Ethan Hunt (Tom Cruise) back in action in a furious chase across the rooftops of London in Mission: Impossible - Fallout (2018)
Ethan Hunt (Tom Cruise) back in action in a furious chase across the rooftops of London

The Mission: Impossible films have established a well honed formula by now and Cruise and associates don’t mess with it when it comes to Mission: Impossible – Fallout. Back are all the regulars like Ving Rhames, Simon Pegg and Michelle Monaghan, while we get a surprising number of familiar faces returning from Rogue Nation – Alec Baldwin, Rebecca Ferguson and Sean Harris. In fact, this is the only film of the series that majorly continues character arcs from the previous film in telling us what happened to both Ferguson and Harris’s characters, not to mention winding in an explanation of why Ethan’s wife Michelle Monaghan is no longer part of the scene. Fallout should also be commended for being one of the few Mission: Impossible films that doesn’t have the by now cliche of the IMF team being shut down – although they still do get to go rogue.
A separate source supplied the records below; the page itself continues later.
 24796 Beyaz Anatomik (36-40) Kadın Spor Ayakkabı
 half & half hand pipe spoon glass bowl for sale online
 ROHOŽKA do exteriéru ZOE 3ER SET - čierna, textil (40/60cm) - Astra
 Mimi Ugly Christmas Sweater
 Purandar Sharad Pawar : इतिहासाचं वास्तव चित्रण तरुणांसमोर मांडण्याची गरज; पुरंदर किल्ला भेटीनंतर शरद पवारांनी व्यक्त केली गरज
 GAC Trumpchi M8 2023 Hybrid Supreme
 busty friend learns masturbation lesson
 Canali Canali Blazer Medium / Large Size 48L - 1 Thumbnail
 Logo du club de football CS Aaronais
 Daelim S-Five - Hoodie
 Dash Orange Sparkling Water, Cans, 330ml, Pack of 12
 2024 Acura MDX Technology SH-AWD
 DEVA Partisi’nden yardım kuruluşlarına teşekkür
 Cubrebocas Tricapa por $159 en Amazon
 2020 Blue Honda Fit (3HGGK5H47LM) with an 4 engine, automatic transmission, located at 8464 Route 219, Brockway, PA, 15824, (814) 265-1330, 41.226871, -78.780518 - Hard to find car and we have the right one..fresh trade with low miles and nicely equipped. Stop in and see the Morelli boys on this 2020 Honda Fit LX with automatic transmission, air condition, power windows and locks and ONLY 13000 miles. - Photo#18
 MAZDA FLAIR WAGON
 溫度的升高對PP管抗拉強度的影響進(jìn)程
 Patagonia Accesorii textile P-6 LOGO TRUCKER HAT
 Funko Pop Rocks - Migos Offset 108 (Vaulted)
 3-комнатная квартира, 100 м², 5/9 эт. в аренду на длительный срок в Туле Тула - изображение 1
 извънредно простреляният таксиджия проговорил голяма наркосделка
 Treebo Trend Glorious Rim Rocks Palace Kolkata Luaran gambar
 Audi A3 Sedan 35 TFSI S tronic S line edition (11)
The new player on the block is Henry Cavill whose contractual inability to shave his mustache became the subject of much meme humour on the internet when it had to be digitally edited out during reshoots for Justice League (2017). Cavill is one of the few bad guys in the series who is physically able to give Cruise a run for his money – although the series’ best villain is still by far Philip Seymour Hoffman from Mission: Impossible III. On the other hand, his character twist is kind of obvious – you don’t have a big name star suddenly drafted onto the team and expected to play a second banana and that be that; in other words, Cavill’s very casting seems to shadow more in store for the role than the supporting position he is ostensibly shoved into. Not to mention that the publicity department did not exactly keep the twist a secret.

Christopher McQuarrie is not the best director to work on the Mission: Impossible series. His script here seems a blur of shifting loyalties, double-crosses and credulity-defying set-ups to fool people – how could Cruise and co possibly know that Kristoffer Joner would choose to ask for Wolf Blitzer to read his manifesto out on air in advance in order to have Blitzer’s face scanned into a mask, for instance? What there isn’t are the tight tension and jaw-dropping reversals of some of the better spy thrillers – it all seems highly improbable and we are just meant to accept what is happening for the fantasy it is.

Henry Cavill as CIA agent August Walker in Mission: Impossible - Fallout (2018)
Henry Cavill as CIA agent August Walker, the new bad guy of the show

Christopher McQuarrie certainly serves up some expert action sequences. I’d nominate the Parisian bathroom fight scene for the most all-out balls-to-the-wall fight sequence I’d seen all year but unfortunately I ended up watching Timo Tjahjanto’s sensational The Night Comes for Us (2018) only a few days beforehand and the scenes here pale in comparison.

There are expertly polished sequences with the Halo jump and racing around the streets of Paris in vehicles and on motorcycles, which are made all the more impressive by Cruise’s habit of showing us that it clearly him and Henry Cavill in mid-air or on the bikes. The climatic helicopter chase is so-so but the sequence with Cruise and Cavill fighting in a collapsing copter on the edge of a cliff and then wedged down a crevice on the side is seat-edge stuff.